What we can learn from Thoreau

Like.  Whoa.  Woff.  Woff.  Joe over at Retire by 40 has a blüg post that we agree with and were so into, that neighbor’s dawg was able to sneak in and pee on our dawghouse (no worries, it is been properly claimed back as ours).  RB40’s actual article was good, but what floored us and got us really hooked was the naive young bloggers who think they can earn their way into financial independence (if this is your definition of rich).

And we agree with RB40 when he adds this point:

The problem is, most people succumb to lifestyle inflation and spend more money every year as well. This is where being frugal comes in. If you can minimize lifestyle inflation while earning more every year, then you will eventually become rich!

Certainly, lifestyle inflation is a wealth killer.  It happens to the best of us.  And in our opinion, a little bit is ok (another discussion).  Letting it run rampant, no nos gusta!  I think this is a point we can all agree on: if Expenses < Income, we are all good (cue up Winston Churchill cliché quote).

What we think is most appalling is no one pointed out what Henry David Thoreau learned in the mid-19th century as he spent 2 years, 2 months and 2 days at Walden Pond.

A man is rich in proportion to the number of things he can afford to let alone

Ok, we didn’t expect anyone to want pull out a favorite quote of ours, but…

Is that saying the same thing as don’t let lifestyle inflation creep into your life?  Sort of.  What we think is important, as highlighted by RB40, wealth or being rich, is not just how much money you can accumulate, but it is the connection between wealth and what you spend.  But being rich means different things to different people.  In our dawghouse, we want to enjoy a few simple pleasures in life and not have to go into an office if we don’t want to (in other words, financial independence).

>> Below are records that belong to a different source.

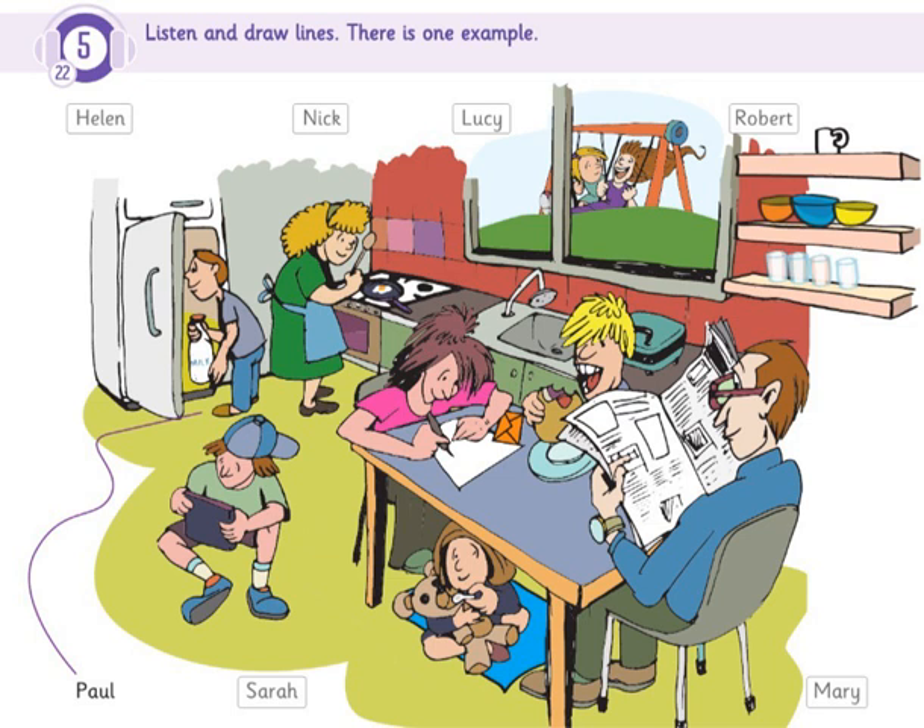Everybody is at home today. Yes, it's a Sunday morning and they're going to have breakfast. Who's that boy next to the fridge? Oh, you mean Paul. He's holding a bottle of milk. He always drinks milk for breakfast. I see. Can you see the line? This is an example.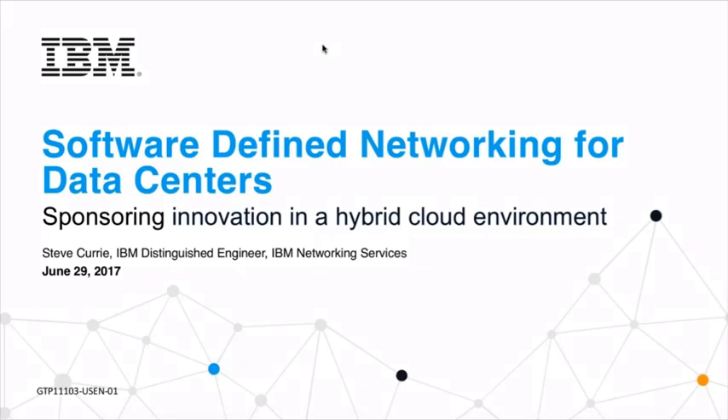Welcome to this IBM webinar on network modernization through software-defined networking. Thank you each one of you for taking time out from your busy schedule to participate. Today we have our main speaker Mr. Stephen Curry. Steve is a distinguished engineer at IBM, with more than 25 years of experience in IT consulting. He is currently leading the qualification and adoption of software-defined networking technologies with IBM clients as a member of the GTS Technology Innovation and Automation team.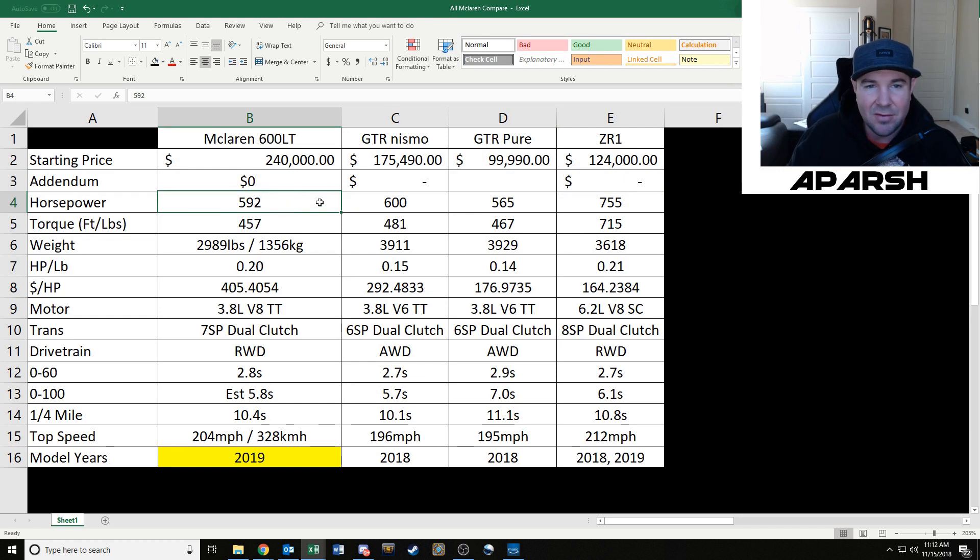The McLaren 600LT has 592 horsepower. The Nismo GTR has 600 horsepower, which is 35 more than the GTR Pure. The ZR1 crushes everything else at an astounding 755 horsepower — about 150 more than the next highest. You'll notice the first three cars have very similar horsepower and torque to each other, but the ZR1 absolutely demolishes everything by a lot — 150-plus foot-pounds more torque. So a lot more power in general.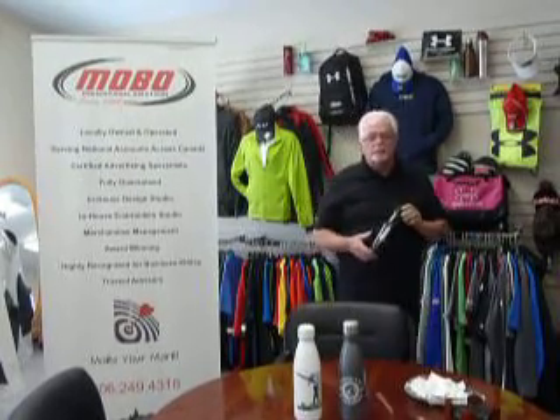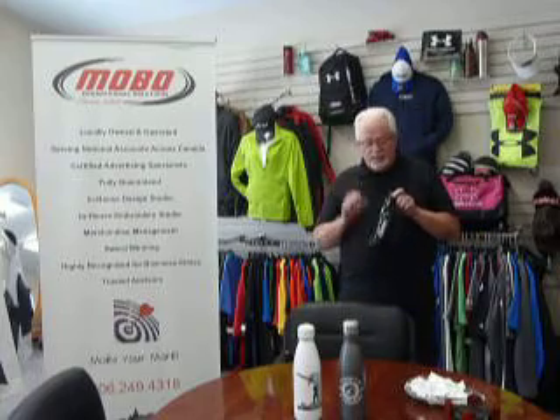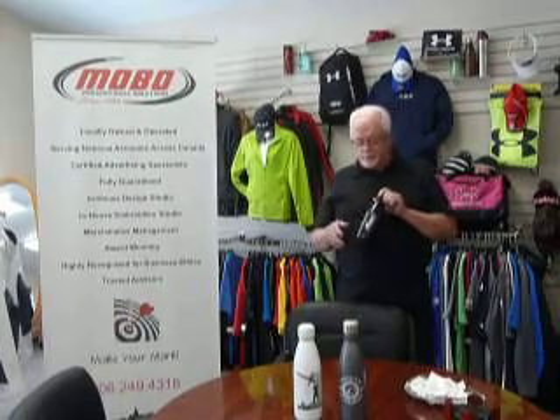Hi, Bob from MOBO again. Just want to take a minute and introduce you to our Rocket stainless steel water bottle. It's a double walled bottle, which is important because it keeps the condensation off the outside. It's got a copper insulated liner — really important. Keeps your cold cold for 24 hours, keeps your hot hot for 12. It's got a screw-on lid that's leak proof.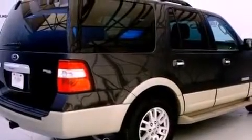Its top features include a double wishbone independent front suspension, skid plates, aluminum wheels, roof rails, and a tire pressure monitoring system.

Here’s another example illustrated by Nords showing the connection between income and expenses.  In other words, at a 5% rate of return, if you save 15% of your income, you will be come financially independent in 43 years.  If you started working at 22, that means you’ll be 65 when you reach early retirement.  Will anyone think you are rich when you retire at 65?  It certainly doesn’t impress us.  But, at the same rate of return, if you up your savings rate to 40% of income, you’re financially independent in 22 years.  So, if you retire at 44, is that an impressive feat?  Of course, there are assumptions in these equations and neglects things like social security.  And we can all tweak them to our heart’s content, so no sense arguing over rate of return.  Nords has a spreadsheet on his blüg you can play with.

What we think is more important than the nominal value of your savings, is what can you actually do with it?  If you had $3MM, could you pull the plug? or do you have to keep at the grind?  A $3MM nest egg is impressive, but not in our minds if you have to keep to the grind.  We’d much rather have $2MM and be financially independent.  To us, that would be rich.  We considered Jacob to be wealthy.

And finally, We’ll leave you with a neat math trick to chew on like a big new juicy bone.

1 penny saved is the same as 1.47 pennies earned.

So, mathematically, saving is better than earning more.  What say you?